En sueños vi una vez ese fardo de huesos diciéndome con tono amenazante que nadie escapa dos veces a la furia del río, y al despertar me pregunté con asombro por qué Orellana, habiendo sobrevivido a la muerte que cada día nos mostraba su cara por el camino, con flechas barnizadas de curare y con el aguijón de los mosquitos que inyectan la fiebre, con borrascas y hervideros de peces carnívoros, con ojos de culebra agazapada bajo las piedras y con lanzas que salen sangrando al otro lado, volvió después a rendirse ante todo aquello de lo que había milagrosamente escapado.
Pero quieres saber cómo fue el descenso por el río. Más fácil es para mí recordar los primeros días que todo el tiempo que fuimos después navegando. Cada experiencia nueva se graba en la memoria con la fuerza de una amenaza o de una catástrofe. Al sexto día de ir bajando sin saber a dónde, ya eran tantas el hambre y la escasez que empezamos a buscar todas las cosas de cuero que nos quedaban: correas, trozos de alforjas y secciones de botas empezaron a caer en el agua que hervía hasta que parecían ablandarse, las adobábamos con hierbas desconocidas, y también fue repulsivo intentar encontrar algún sabor en esos cueros curtidos y viejos, llenar el vientre con residuos que después de ser fardos y ataduras, prendas y adornos, recuperaban su condición animal y se improvisaban como alimentos. Quizás en ese momento pudimos haber regresado, pero ya la corriente era muy fuerte, nuestras fuerzas muy pocas, y aún no teníamos nada que ofrecer a los que abandonamos. Volver era más peligroso, y sobre todo inútil, de modo que escogimos de dos males el menor, y tomamos la decisión de seguir descendiendo, hasta ver si la suerte se apiadaba de nosotros.
Sólo una vez por esos días nos acercamos a la selva; algunos hombres fueron en las piraguas a la orilla y después se metieron en las montañas, donde comieron hierbas y cortezas de árboles. Al regresar, unos parecían borrachos y los otros casi habían perdido el juicio, de modo que a nada le tomamos más miedo que a probar hojas o lianas de la selva sombría, y únicamente las raíces que ya antes conocíamos fueron de vez en cuando nuestro último recurso, salvo, ahora que recuerdo, cuando cinco de los nuestros se perdieron por los meandros de Tupinamba y vieron los seres diminutos, pero ya habrá tiempo de hablar de ello.
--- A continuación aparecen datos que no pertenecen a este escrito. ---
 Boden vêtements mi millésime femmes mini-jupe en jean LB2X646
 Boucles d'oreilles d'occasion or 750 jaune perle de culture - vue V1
Aquel día de año nuevo de 1542 a algunos les pareció oír tambores en la selva cercana, y todos nos pusimos a escuchar con una ansiedad que daba lástima. Pero no se oyó nada más, aunque pasamos un día inmóviles y alerta, tratando de descifrar algún murmullo humano entre los mil sonidos de la selva, gritos, chillidos, rugidos, cosas densas que caen allá lejos, ecos tristes del mundo intraducible, y sonidos articulados de pájaros o de bestias que parecen el rechinar de una puerta, el rasgar de una tela, el estertor de una agonía abandonada en las ramas.
Algunos querrían echarse a llorar pero de eso tenían más miedo que del hambre, ya que el que llora se entrega a su miseria. El capitán nos consolaba, y oyendo sus palabras y royendo raíces nos dejamos llevar por el río, ya sin remar, ya sin hacer esfuerzos, incapaces de movernos sobre la cubierta, apenas evitando que la corriente nos llevara a la orilla, convencidos de ir viajando en un bergantín no hacia los peligros del mundo sino hacia la muerte que esperaba dentro de cada uno de nosotros.
Entonces resonaron otra vez los tambores.